Just this past week, I have had a handful of new patients come to the practice seeking a 2nd opinion. The conclusion amazingly was either mismanaged and/or misinformed! The first part of the misinformation begins with the diagnosis phase. An MRI was never done to check the status of the articular discs. This is a very basic and a big thing to do. Just like if you had a problem with your knee (an even more simple joint than the TM joint), the doctor would ALWAYS order an MRI to see what that meniscus is doing- whether it is simply displaced or already torn/damaged. It is imperative to order an MRI to obtain the current condition or placement of the discs. In my own practice experience, I see MRIs that show perforated discs and I would want the patient to know in advance about this major problem. Most likely, with discs that are perforated, you will need surgery to fix the issue. I feel strongly that the patient should be informed well before time, effort, and money is spent.

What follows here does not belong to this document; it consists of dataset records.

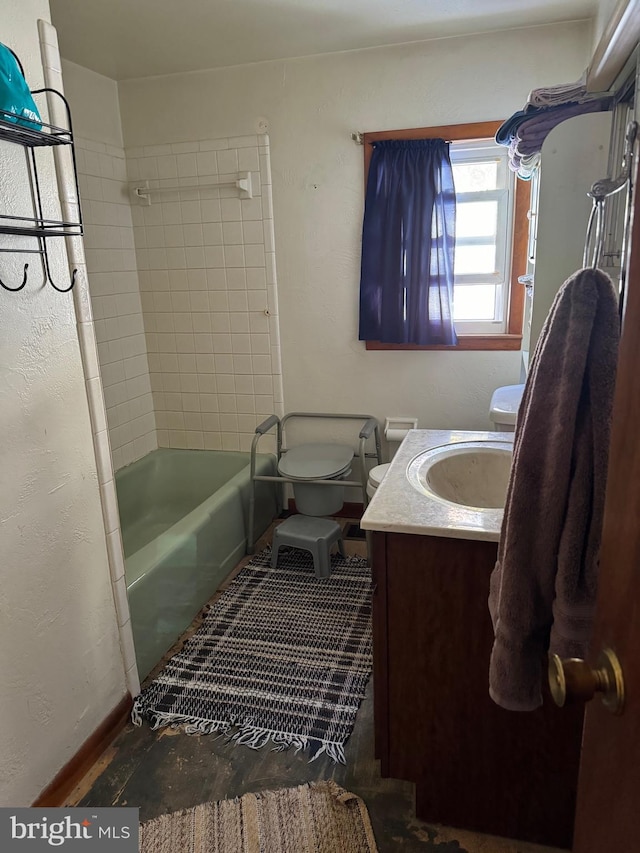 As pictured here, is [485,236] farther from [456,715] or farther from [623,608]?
[623,608]

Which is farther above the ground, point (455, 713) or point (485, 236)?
point (485, 236)

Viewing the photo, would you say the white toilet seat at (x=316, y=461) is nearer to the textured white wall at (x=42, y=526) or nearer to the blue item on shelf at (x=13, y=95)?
the textured white wall at (x=42, y=526)

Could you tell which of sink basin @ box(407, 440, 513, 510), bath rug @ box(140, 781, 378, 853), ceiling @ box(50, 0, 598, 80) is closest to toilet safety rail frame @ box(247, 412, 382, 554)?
sink basin @ box(407, 440, 513, 510)

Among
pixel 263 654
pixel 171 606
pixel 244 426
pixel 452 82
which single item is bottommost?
pixel 263 654

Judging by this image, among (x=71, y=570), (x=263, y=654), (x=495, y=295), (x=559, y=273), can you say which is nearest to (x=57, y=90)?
(x=71, y=570)

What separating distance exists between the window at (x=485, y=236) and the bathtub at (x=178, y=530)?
3.78 ft

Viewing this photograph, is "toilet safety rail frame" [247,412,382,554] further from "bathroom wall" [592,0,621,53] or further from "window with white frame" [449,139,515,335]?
"bathroom wall" [592,0,621,53]

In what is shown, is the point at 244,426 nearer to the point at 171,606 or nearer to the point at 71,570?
the point at 171,606

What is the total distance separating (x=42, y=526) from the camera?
147cm

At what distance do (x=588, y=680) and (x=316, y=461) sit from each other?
2.27 m

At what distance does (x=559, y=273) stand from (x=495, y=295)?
1.28 metres

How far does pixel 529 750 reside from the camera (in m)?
Result: 1.34

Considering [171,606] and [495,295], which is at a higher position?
[495,295]

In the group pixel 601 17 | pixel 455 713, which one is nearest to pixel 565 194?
pixel 601 17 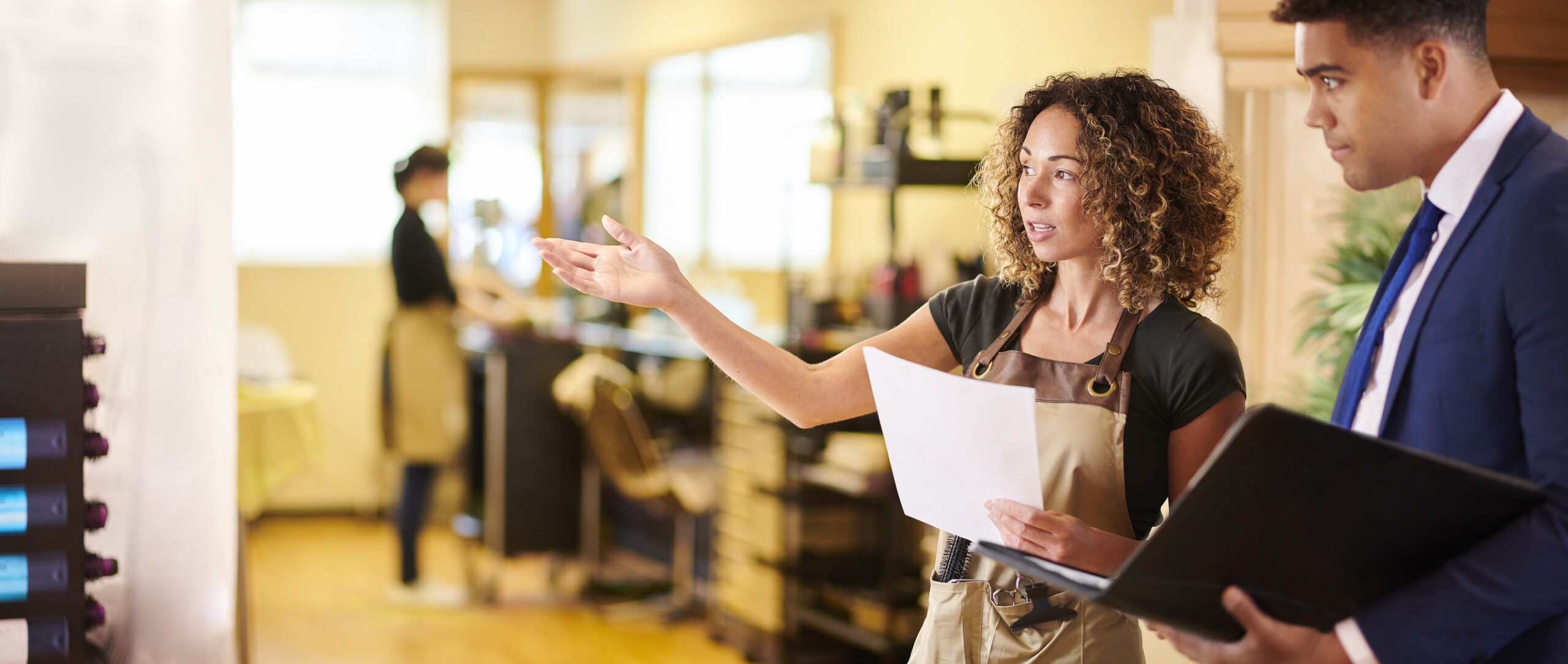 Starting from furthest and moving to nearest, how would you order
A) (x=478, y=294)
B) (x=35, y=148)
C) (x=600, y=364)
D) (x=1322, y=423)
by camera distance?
1. (x=478, y=294)
2. (x=600, y=364)
3. (x=35, y=148)
4. (x=1322, y=423)

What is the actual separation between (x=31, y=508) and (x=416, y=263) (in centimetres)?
329

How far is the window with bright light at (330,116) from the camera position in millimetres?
6371

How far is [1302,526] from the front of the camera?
100 cm

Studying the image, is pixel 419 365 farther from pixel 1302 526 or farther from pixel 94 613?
pixel 1302 526

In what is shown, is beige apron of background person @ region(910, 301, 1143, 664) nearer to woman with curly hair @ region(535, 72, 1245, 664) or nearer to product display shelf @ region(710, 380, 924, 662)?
woman with curly hair @ region(535, 72, 1245, 664)

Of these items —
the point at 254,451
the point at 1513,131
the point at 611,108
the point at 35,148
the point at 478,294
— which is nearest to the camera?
the point at 1513,131

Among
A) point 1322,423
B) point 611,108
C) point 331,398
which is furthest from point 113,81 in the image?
point 331,398

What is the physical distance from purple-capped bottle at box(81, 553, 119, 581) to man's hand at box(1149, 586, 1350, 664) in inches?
52.3

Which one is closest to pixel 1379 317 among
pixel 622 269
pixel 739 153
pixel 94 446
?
pixel 622 269

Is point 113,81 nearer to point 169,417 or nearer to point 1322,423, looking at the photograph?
point 169,417

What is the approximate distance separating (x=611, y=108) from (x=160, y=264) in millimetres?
4700

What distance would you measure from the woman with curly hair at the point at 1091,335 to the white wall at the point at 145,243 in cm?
59

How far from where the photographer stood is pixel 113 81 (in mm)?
1643

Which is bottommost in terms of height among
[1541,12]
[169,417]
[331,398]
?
[331,398] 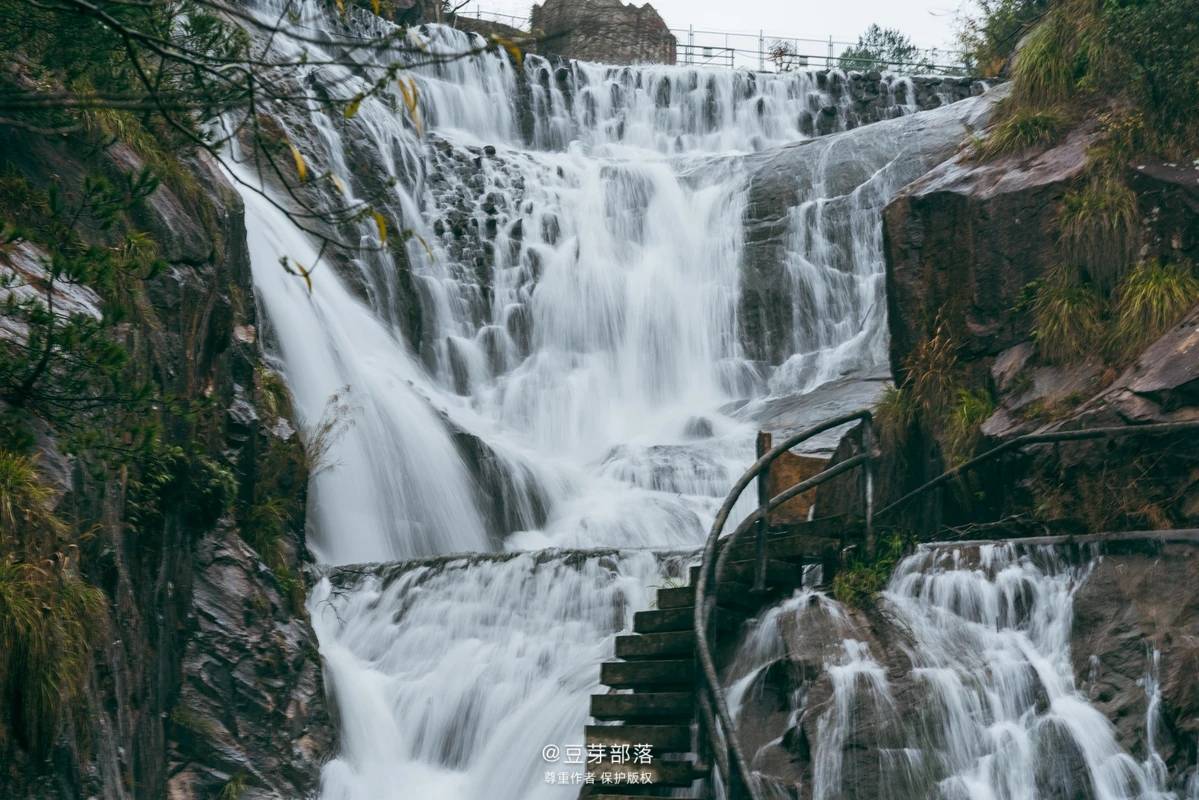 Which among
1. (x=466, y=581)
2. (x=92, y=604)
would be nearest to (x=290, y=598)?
(x=466, y=581)

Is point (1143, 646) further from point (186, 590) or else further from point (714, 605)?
point (186, 590)

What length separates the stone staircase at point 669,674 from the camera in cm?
760

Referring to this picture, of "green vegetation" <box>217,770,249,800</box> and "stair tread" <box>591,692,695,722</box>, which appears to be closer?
"stair tread" <box>591,692,695,722</box>

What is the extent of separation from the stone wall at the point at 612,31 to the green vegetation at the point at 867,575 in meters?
30.0

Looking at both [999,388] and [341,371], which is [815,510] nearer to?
[999,388]

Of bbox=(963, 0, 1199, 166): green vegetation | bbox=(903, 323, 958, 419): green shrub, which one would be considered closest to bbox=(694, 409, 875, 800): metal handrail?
bbox=(903, 323, 958, 419): green shrub

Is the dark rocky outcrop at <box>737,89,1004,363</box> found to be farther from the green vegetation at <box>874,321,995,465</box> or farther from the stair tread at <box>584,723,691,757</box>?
the stair tread at <box>584,723,691,757</box>

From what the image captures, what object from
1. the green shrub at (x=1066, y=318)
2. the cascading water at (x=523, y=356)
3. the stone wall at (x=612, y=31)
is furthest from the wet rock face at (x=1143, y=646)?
the stone wall at (x=612, y=31)

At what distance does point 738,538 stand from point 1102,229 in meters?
4.35

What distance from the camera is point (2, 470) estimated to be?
19.6 feet

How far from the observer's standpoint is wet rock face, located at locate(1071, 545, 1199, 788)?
7.06 meters

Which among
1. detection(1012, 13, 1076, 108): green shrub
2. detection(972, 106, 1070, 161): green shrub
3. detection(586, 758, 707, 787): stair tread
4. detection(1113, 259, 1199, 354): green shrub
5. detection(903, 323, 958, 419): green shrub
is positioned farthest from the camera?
detection(1012, 13, 1076, 108): green shrub

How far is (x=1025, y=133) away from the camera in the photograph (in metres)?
11.9

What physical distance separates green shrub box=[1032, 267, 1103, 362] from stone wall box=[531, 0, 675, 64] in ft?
92.1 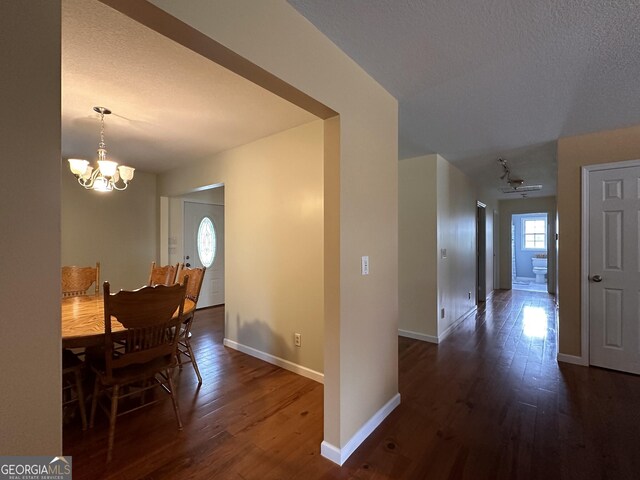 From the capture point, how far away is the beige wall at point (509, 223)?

So, dear reader, as you can see, so many people are not being fully informed about their condition. Where are the discs? Maybe instead of misinformation it is more of not enough information. Literally, in the last one hour, I have seen two new patients who never had an MRI done, and yet they have appliances in their mouths. Both were wondering why treatment was not working. The complete picture was not established. Again, where are the discs. Continuing the consult, as oftentimes happens, I found out that BOTH potential patients were wearing their appliances ONLY AT NIGHT. OOPPS. When you do an MRI and discover that the discs are slipped, it only seems logical that they are slipped out of place both night AND day. Therefore, you must treat them during both the day and the night. So, these folks are wearing their devices faithfully according to their doctor’s direction …well, sort of. Unfortunately, this is the part I call mismanaged. Not all doctors have enough continued education to understand the disc placement is part one and the angle of the jaw is another component. The mismanaging of cases occur with completely missing information! By wearing the appliances only at night, the discs might move a bit because of room now created. When the next day starts without the support, you bite down while eating and this opening and closing can damage the discs that have started movement back in place. The analogy I like to use is having a broken leg and the super nice doctor made you a cast that snaps on and off as you wish. So, you figure you will just wear the cast only at night since this is the easiest thing to do. In the morning, off it comes with you just limp around all day on a broken leg. Finally, it just never seems to heal. Gee…I wonder why?
It should be painfully obvious by now that TMJ treatment is not consistent at best. These two potential patients were both upset and disturbed when they discovered understood an MRI is a critical part of diagnosing and the “why” wearing a device(s) both day and night is necessary! I was equally disturbed at their disturbance! (You get the idea.) I do wish there was some kind of standard of treatment for TMJ disorders, but there is not. So, if you know someone who has a TMJ problem, show them this blog and help them to understand. Remember, treatment needs to make sense to you and managed treatment and informed patient is achieved. Thank you.